1. Gradient of parabola and specific max of y with 4 unknowns

i am needing help with a Maths equation that i cannot figure out. i need the gradient at x=45 to equal 3.21609 (y'=-25.593*cos(pi/25x - 4pi/5)). i also need the max of the parabola to equal (x,55) where x is unknown. a , b and c are not given. it is really bugging me because i have wasted about 20 pages and still cannot find it.

where y'=0, x=-B/2A and y=(-AB^2)/(4A^2)+C
therefore 55 + (AB^2)/(4A^2)=C

y = Ax^2 +BX +C
y'= 2Ax + B

therefore at x = 45

3.21609 - 90A=B

using these i altered the equations but got nowhere. is the problem there (equations) if anyone can help?

2. equation found

if it helps anyone, i set a new axis to (0,0) and solved for y=AX^2 where y= drop in my case -40.383 (14.617-55). i let its y' = 3.21609 and got x = in terms of A. used that in y=AX^2 and got A. (3.21609^2)/4A = -40.383, a's cancel. then used y=AX^2 + BX +C and y' = 2AX + B where x was 45 and A was found value. this got B. then i used y=AX^2 + BX +C where y = 55 and x = -B/2A and got C!!!

final equation = -0.064x^2 + 8.98X -259.773

3. I am sorry

this is incoherent what aer you looking for?...what is $a$ in $ax^2+bx+c$?

4. i am looking for a, b and c in parabola general equation. if you know a bit about parabola's im sure that if you read the whole thing you will understand what i am saying.

i had to get the gradient of the derivitive to equal that of another equation, and have a maximum of a particular y-value. that was all i was given. no x value for the max, no a,b or c for the general equation...nothing!

5. Originally Posted by m-sternberg
i am needing help with a Maths equation that i cannot figure out. i need the gradient at x=45 to equal 3.21609 (y'=-25.593*cos(pi/25x - 4pi/5)). i also need the max of the parabola to equal (x,55) where x is unknown. a , b and c are not given. it is really bugging me because i have wasted about 20 pages and still cannot find it.

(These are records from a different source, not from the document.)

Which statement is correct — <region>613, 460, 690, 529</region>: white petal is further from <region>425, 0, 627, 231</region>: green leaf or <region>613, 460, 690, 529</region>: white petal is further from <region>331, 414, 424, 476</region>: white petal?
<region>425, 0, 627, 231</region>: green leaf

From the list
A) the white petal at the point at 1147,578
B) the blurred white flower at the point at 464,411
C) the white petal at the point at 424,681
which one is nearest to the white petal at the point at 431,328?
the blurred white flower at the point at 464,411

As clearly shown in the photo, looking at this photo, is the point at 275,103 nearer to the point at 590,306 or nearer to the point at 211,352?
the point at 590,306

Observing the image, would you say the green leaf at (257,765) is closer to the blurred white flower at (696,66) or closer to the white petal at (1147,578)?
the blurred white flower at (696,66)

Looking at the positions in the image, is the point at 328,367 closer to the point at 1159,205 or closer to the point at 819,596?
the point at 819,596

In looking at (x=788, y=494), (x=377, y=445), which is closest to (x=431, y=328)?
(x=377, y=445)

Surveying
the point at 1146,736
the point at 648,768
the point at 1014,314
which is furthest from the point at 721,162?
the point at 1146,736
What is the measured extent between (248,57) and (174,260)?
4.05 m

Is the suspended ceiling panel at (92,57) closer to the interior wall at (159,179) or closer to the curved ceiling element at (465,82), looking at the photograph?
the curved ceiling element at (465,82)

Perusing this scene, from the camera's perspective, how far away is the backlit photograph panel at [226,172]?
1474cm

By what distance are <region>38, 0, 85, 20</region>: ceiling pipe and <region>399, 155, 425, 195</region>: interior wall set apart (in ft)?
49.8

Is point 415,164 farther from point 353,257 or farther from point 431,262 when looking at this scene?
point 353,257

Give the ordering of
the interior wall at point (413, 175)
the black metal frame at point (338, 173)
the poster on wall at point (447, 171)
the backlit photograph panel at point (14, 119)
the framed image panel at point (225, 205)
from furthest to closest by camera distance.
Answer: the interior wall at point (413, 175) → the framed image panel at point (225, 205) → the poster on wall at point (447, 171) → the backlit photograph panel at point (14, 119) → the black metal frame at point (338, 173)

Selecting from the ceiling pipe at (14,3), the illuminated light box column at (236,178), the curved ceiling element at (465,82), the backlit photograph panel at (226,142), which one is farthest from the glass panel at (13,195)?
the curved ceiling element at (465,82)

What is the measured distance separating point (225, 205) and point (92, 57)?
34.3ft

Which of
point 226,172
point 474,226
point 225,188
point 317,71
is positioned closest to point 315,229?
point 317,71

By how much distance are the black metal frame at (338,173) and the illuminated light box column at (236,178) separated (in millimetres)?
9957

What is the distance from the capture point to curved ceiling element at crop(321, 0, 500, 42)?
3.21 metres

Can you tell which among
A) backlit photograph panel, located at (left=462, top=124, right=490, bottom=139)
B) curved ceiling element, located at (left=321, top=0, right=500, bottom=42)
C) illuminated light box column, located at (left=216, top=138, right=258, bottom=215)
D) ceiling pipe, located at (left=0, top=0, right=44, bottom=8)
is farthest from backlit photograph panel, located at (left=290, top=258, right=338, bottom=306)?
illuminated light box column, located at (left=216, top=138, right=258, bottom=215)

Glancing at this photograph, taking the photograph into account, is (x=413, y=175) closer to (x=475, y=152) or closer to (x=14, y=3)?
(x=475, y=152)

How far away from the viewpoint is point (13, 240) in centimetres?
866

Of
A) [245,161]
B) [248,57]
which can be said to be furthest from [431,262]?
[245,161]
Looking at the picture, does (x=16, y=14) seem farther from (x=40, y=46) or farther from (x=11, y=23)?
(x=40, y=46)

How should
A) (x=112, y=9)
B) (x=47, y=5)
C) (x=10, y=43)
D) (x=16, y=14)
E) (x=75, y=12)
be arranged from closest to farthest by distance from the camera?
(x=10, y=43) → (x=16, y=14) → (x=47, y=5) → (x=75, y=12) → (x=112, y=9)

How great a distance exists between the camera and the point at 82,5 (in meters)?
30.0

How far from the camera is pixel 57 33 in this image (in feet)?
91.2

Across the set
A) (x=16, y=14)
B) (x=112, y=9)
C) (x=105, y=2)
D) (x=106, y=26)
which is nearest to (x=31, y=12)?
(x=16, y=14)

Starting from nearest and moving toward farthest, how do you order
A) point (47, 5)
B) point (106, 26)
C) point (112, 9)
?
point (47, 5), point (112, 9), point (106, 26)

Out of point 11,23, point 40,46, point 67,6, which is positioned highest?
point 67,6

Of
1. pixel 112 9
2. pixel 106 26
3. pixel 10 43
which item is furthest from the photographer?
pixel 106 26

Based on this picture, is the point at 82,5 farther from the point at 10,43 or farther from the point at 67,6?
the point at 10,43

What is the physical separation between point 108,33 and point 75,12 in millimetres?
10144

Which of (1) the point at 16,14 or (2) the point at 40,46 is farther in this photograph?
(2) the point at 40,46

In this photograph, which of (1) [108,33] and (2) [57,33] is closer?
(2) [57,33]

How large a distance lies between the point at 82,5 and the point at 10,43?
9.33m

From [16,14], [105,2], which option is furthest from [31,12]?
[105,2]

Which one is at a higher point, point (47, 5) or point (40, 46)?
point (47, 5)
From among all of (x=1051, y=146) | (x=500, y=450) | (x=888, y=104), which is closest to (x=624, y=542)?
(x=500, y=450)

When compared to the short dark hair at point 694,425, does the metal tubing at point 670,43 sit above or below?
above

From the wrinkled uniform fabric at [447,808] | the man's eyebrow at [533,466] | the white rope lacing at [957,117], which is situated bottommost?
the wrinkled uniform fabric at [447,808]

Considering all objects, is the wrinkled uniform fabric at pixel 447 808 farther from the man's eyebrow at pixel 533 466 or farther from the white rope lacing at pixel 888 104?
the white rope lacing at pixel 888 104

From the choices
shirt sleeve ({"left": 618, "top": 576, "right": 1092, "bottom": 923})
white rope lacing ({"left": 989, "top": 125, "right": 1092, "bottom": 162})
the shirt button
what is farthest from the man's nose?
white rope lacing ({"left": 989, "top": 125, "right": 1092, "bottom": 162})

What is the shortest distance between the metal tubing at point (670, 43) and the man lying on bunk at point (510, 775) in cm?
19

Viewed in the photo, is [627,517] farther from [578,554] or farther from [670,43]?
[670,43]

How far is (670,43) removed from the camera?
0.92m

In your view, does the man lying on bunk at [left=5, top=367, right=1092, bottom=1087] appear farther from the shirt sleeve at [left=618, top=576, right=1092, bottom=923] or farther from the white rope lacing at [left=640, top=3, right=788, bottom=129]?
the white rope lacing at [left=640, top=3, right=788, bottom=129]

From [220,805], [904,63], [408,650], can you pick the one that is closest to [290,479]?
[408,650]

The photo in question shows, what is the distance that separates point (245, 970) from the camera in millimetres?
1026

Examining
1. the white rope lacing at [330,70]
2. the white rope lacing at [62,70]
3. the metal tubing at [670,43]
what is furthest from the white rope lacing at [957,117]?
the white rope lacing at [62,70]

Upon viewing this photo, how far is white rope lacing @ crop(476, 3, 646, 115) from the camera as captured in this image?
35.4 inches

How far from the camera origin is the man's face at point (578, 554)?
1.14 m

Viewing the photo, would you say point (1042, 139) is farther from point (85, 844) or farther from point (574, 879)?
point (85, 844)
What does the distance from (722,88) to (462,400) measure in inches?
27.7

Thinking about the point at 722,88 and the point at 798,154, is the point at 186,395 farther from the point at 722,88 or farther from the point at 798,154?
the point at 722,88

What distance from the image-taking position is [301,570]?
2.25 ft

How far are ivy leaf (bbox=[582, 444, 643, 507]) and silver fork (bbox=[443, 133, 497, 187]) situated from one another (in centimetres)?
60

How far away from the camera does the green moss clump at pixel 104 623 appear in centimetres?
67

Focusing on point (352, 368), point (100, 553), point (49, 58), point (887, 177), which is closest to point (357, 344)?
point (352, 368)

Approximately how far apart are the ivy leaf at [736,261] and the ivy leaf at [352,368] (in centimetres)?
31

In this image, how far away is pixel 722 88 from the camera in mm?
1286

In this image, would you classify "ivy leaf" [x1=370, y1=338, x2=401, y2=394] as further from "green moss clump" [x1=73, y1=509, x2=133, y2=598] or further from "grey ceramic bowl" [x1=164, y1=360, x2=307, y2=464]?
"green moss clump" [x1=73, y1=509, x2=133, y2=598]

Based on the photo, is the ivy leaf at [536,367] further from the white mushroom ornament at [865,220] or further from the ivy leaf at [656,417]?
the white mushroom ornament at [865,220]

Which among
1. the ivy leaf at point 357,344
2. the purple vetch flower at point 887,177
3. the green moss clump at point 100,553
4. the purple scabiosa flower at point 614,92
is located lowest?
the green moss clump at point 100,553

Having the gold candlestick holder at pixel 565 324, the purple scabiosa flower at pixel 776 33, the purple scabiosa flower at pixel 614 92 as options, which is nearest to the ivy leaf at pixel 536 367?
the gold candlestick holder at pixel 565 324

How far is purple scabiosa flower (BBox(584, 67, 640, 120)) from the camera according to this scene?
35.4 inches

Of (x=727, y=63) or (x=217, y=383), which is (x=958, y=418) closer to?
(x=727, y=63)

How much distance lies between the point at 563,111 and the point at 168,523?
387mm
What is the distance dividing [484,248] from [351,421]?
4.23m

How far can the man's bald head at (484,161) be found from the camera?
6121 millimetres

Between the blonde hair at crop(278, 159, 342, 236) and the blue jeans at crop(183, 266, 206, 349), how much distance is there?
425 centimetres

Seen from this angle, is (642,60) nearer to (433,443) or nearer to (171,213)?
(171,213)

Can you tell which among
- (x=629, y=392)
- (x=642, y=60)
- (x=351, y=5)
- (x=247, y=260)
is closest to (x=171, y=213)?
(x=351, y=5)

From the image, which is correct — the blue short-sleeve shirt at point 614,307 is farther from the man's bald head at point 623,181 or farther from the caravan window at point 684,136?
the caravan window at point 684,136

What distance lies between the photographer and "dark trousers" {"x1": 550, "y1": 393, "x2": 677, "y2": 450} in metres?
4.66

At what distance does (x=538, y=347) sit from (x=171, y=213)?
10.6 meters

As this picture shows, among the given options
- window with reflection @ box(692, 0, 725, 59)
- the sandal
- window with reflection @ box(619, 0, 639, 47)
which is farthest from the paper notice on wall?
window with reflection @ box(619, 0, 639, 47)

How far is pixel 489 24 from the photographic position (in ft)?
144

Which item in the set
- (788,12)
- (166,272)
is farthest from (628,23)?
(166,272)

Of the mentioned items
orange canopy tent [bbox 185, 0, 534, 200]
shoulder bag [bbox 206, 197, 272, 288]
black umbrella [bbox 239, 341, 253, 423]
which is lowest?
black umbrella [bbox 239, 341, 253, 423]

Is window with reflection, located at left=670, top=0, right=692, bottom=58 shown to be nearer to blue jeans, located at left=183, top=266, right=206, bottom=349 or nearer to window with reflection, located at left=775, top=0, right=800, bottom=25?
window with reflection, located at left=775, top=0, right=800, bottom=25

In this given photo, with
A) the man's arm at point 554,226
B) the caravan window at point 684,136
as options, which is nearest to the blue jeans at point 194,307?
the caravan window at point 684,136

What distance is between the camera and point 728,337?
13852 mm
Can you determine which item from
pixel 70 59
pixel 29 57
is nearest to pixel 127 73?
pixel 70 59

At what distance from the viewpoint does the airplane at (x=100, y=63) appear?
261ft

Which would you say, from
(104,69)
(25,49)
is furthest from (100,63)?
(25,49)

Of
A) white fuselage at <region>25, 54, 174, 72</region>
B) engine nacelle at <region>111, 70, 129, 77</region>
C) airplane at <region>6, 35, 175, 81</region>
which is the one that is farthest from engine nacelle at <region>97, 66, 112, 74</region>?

where y'=0, x=-B/2A and y=(-AB^2)/(4A^2)+C
therefore 55 + (AB^2)/(4A^2)=C

y = Ax^2 +BX +C
y'= 2Ax + B

therefore at x = 45

3.21609 - 90A=B

using these i altered the equations but got nowhere. is the problem there (equations) if anyone can help?
I'm sorry... I also have trouble understanding your actual question. From what I can tell...

* You want the derivative of y'=-25.593*cos(pi/25x - 4pi/5) when x = 45 to equal 3.21609

* You also want the local maximum point of a parabola to be (x, 55)

The problem here is we are confused at what you are actually trying to do, could you please post the questions and given information ONLY.

Note: This may help. The general equations for a parabola are:

General form: $y=a(x-h)^2+k$
Turning Point form: $y=ax^2+bx+c$